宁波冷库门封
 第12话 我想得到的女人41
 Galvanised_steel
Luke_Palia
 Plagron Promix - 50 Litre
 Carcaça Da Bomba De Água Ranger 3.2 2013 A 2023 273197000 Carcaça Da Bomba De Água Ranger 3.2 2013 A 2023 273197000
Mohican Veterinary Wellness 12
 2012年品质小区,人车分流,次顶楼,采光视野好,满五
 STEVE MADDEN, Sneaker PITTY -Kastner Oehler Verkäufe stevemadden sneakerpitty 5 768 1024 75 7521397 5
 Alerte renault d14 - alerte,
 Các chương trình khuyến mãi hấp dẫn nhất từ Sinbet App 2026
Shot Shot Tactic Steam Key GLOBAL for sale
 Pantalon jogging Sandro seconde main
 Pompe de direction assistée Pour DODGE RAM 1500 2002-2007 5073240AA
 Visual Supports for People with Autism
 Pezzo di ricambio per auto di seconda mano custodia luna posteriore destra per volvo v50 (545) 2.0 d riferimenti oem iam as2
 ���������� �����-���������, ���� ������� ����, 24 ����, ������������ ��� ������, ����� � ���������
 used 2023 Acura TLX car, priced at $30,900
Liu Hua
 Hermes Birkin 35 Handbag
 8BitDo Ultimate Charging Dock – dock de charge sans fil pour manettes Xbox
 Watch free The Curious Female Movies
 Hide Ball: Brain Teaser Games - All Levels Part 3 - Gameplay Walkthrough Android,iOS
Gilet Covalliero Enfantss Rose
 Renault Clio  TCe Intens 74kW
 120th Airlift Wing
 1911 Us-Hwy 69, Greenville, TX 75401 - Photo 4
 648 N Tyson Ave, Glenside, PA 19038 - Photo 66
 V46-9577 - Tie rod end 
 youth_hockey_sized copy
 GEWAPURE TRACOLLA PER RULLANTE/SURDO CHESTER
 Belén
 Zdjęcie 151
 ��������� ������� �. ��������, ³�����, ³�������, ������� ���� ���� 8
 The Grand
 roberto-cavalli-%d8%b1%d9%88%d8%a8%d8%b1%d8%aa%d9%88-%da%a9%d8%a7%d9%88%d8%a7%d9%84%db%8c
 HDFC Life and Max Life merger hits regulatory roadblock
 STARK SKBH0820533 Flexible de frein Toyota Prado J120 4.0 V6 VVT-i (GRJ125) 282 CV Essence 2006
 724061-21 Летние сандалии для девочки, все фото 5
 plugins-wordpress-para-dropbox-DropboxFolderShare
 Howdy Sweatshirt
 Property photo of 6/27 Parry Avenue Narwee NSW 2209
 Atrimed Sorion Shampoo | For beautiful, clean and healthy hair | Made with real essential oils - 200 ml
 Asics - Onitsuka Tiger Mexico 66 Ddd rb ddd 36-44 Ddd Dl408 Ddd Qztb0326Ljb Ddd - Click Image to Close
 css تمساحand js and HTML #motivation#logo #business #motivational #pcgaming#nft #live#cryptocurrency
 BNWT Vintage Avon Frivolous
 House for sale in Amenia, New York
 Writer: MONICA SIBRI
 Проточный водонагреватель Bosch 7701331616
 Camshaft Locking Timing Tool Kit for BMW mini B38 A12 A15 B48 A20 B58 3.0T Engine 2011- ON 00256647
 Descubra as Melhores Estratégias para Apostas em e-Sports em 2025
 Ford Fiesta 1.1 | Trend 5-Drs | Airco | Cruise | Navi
§
* _Task goal_:
Report only how many lines in the entries above contain the string "sale".

* _Solution to the exercise_:
2